Wir mögen in gewisser Weise vor 13,82 Milliarden Jahren alle derselben Ur-Eizelle entsprungen sein, dennoch ticken die Uhren von Zivilisation zu Zivilisation anders. Durch Zeit und Raum getrennt, lebt jede Gesellschaft in ihrem eigenen Kosmos, in ihrer eigenen Raum- und Zeitblase.
Irgendwo da draußen leben die Anderen; innerhalb und außerhalb unserer Galaxie. Unser Universum ist schlichtweg zu kreativ und groß, um nur einer intelligenten Lebensform ein passendes Biotop zu geben. Millionen bis Milliarden Zivilisationen mögen es sein, die in diesem Universum zeitlich und räumlich nebeneinander, aber nicht miteinander leben. Einige von ihnen haben sich bereits aus der Geschichte verabschiedet, andere werden wie der Homo sapiens noch folgen.
Fakt ist, dass der Zeitpfeil gemäß dem kosmologischen Prinzip für alle gleich schnell fliegt, da die Gesetze der Physik allerorts gelten. Der Weltraum ist homogen und isotrop. Das Universum hat keinen Mittelpunkt. Keine Richtung, kein Punkt im Kosmos ist ausgezeichnet.
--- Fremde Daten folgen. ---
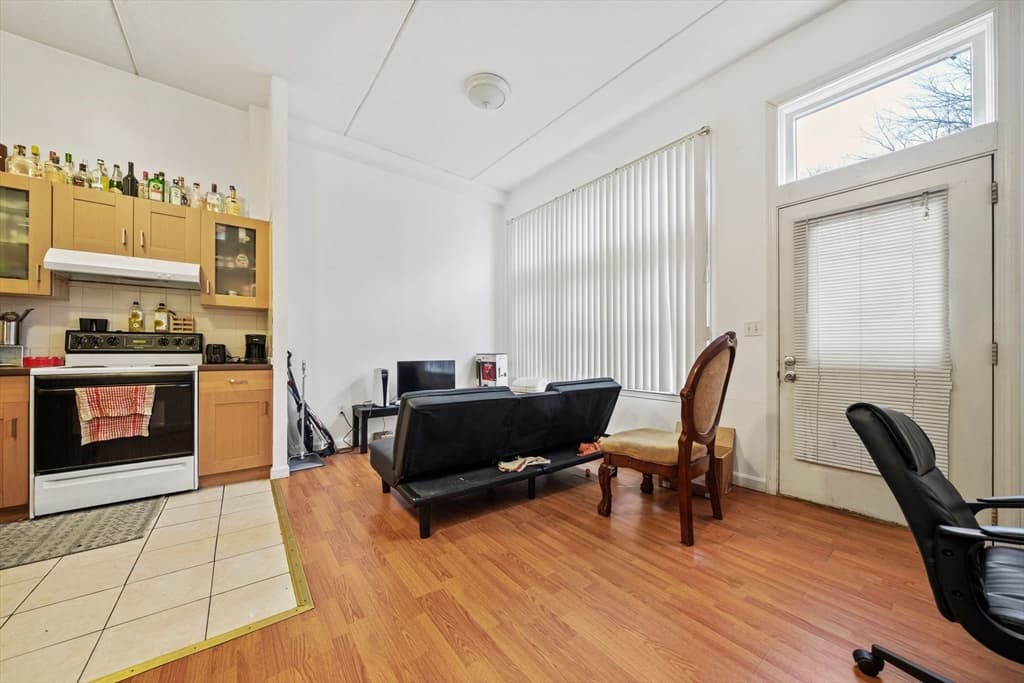89 Lawn St #89 photo 4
Die Physik wirkt überall gleich. Die Raumkrümmung hat im Mittel überall den gleichen Wert, und die Materie ist fernerhin genauso homogen verteilt. Selbst ultraintelligente Außerirdische, die noch nicht mit Wurmlöchern oder Schwarzen Löchern experimentieren, sitzen also räumlich und zeitlich im selben Boot wie wir.
Wenigstens am Anfang waren die Gesetze der Physik und somit die Chancen für Ausbildung von Leben für alle gleich.